La mania norvegese per lo sport

I norvegesi sono sportivi. Credo che la necessità di movimento sia nata a causa delle basse temperature: stare fermi a zero gradi risulta alquanto spiacevole. Una volta cominciato a muoversi per necessità, però, l’uomo nordico ha fatto un’ulteriore scoperta: ha capito che gli piace. Così ancora oggi, nonostante l’ampia scelta di palestre a prezzi contenuti e il tepore letargico dato dalle temperature altissime nelle loro abitazioni, i norvegesi escono. Qualsiasi sia la condizione climatica, anche con la pessima combinazione acqua-neve-vento-che-manda-la-pioggia-in-ogni-angolazione tanto di moda a Bergen.

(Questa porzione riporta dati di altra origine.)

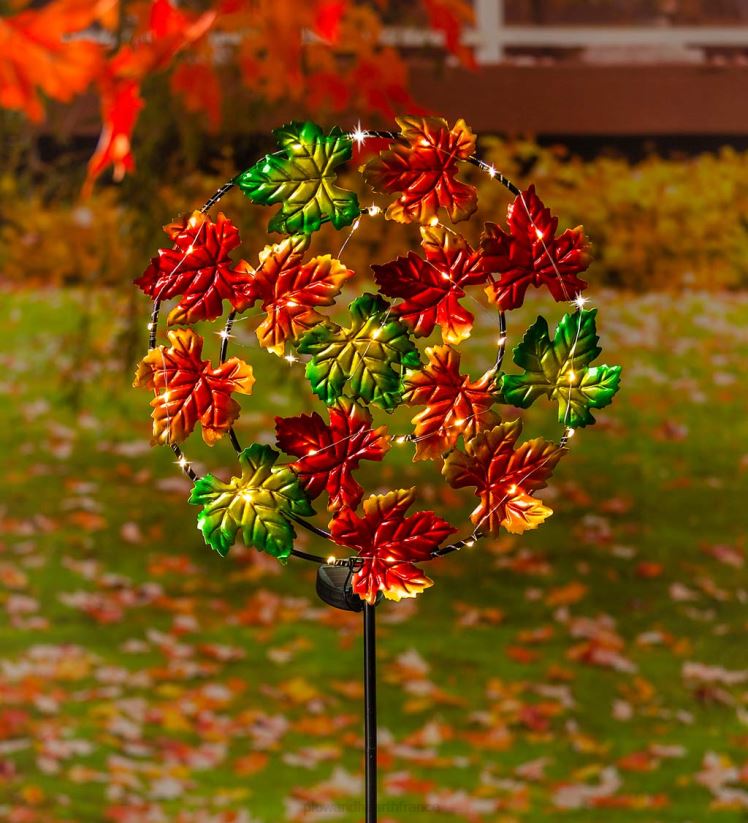 Plow & Hearth cour et jardin Pieu de jardin en feuilles d'érable avec effet de lumière solaire 0BNZ443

Ogni giorno un norvegese esce di casa con la  giacca a vento, i pantaloncini, l’ipod nelle orecchie. E comincia a correre. Alle corse settimanali si somma lo sport della domenica: il giorno in cui Dio si riposò qui non esiste, almeno non come lo intendiamo noi.

Il relax invernale è inteso come salire al Fløyen, una delle sette montagne che circondano Bergen. Ci sono due modi per raggiungere la cima: con un comodo trenino oppure a piedi, percorrendo una ripida e gelata strada sterrata. Inutile dire quale modalità scelgano i norvegesi, a tutte le età. Una volta in cima  indossano gli sci da fondo che hanno portato con sé da casa negli zaini, tanto per aggiungere un pò di peso allo sforzo. I bambini cominciano a sciare appena imparano a camminare e vengono spinti  dalle mamme in zone che potrebbero essere tranquillamente  contrassegnate con la bandierina nera. Quello praticato qui è un altro tipo di sci nordico: mentre noi seguiamo tracce ben definite, sudando e chiedendoci “chi me l’ha fatto fare”, loro improvvisano. Qualsiasi superficie ricoperta dalla neve è considerata zona da esplorare. Quando poi comincia a fare buio, intorno alle quattro, scendono in città e tornano a casa, sci in spalla, pronti per godersi una bella doccia calda.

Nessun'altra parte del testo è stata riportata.